ASSIGNED TASK –
Please retype all of the following entries exactly.

PROVIDED RECORDS –
* * *
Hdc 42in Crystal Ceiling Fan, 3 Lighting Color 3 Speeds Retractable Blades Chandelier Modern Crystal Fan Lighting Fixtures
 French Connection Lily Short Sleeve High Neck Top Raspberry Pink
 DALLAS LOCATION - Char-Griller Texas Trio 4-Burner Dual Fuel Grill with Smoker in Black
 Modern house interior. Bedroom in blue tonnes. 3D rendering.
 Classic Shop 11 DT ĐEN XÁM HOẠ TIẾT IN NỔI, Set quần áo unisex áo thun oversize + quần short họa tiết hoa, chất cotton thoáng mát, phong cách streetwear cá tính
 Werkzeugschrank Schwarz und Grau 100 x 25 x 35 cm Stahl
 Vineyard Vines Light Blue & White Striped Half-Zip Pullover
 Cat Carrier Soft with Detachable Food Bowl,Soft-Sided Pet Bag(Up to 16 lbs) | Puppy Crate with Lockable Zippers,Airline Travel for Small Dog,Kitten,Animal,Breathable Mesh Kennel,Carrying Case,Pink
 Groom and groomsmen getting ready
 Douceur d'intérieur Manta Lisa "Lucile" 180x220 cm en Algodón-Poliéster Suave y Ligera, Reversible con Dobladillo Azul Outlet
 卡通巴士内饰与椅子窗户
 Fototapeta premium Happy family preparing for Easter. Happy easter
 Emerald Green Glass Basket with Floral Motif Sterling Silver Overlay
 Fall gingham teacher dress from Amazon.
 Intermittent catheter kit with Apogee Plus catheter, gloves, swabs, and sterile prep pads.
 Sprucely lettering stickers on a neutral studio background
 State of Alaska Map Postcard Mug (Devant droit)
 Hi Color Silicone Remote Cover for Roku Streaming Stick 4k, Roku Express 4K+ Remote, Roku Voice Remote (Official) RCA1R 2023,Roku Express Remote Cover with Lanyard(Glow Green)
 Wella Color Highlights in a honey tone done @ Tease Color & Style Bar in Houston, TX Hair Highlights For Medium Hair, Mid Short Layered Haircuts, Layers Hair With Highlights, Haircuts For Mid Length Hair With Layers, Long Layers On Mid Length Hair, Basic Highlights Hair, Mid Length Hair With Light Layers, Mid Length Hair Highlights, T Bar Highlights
* * *
SOLUTION TO THE PROBLEM –
Hdc 42in Crystal Ceiling Fan, 3 Lighting Color 3 Speeds Retractable Blades Chandelier Modern Crystal Fan Lighting Fixtures
 French Connection Lily Short Sleeve High Neck Top Raspberry Pink
 DALLAS LOCATION - Char-Griller Texas Trio 4-Burner Dual Fuel Grill with Smoker in Black
 Modern house interior. Bedroom in blue tonnes. 3D rendering.
 Classic Shop 11 DT ĐEN XÁM HOẠ TIẾT IN NỔI, Set quần áo unisex áo thun oversize + quần short họa tiết hoa, chất cotton thoáng mát, phong cách streetwear cá tính
 Werkzeugschrank Schwarz und Grau 100 x 25 x 35 cm Stahl
 Vineyard Vines Light Blue & White Striped Half-Zip Pullover
 Cat Carrier Soft with Detachable Food Bowl,Soft-Sided Pet Bag(Up to 16 lbs) | Puppy Crate with Lockable Zippers,Airline Travel for Small Dog,Kitten,Animal,Breathable Mesh Kennel,Carrying Case,Pink
 Groom and groomsmen getting ready
 Douceur d'intérieur Manta Lisa "Lucile" 180x220 cm en Algodón-Poliéster Suave y Ligera, Reversible con Dobladillo Azul Outlet
 卡通巴士内饰与椅子窗户
 Fototapeta premium Happy family preparing for Easter. Happy easter
 Emerald Green Glass Basket with Floral Motif Sterling Silver Overlay
 Fall gingham teacher dress from Amazon.
 Intermittent catheter kit with Apogee Plus catheter, gloves, swabs, and sterile prep pads.
 Sprucely lettering stickers on a neutral studio background
 State of Alaska Map Postcard Mug (Devant droit)
 Hi Color Silicone Remote Cover for Roku Streaming Stick 4k, Roku Express 4K+ Remote, Roku Voice Remote (Official) RCA1R 2023,Roku Express Remote Cover with Lanyard(Glow Green)
 Wella Color Highlights in a honey tone done @ Tease Color & Style Bar in Houston, TX Hair Highlights For Medium Hair, Mid Short Layered Haircuts, Layers Hair With Highlights, Haircuts For Mid Length Hair With Layers, Long Layers On Mid Length Hair, Basic Highlights Hair, Mid Length Hair With Light Layers, Mid Length Hair Highlights, T Bar Highlights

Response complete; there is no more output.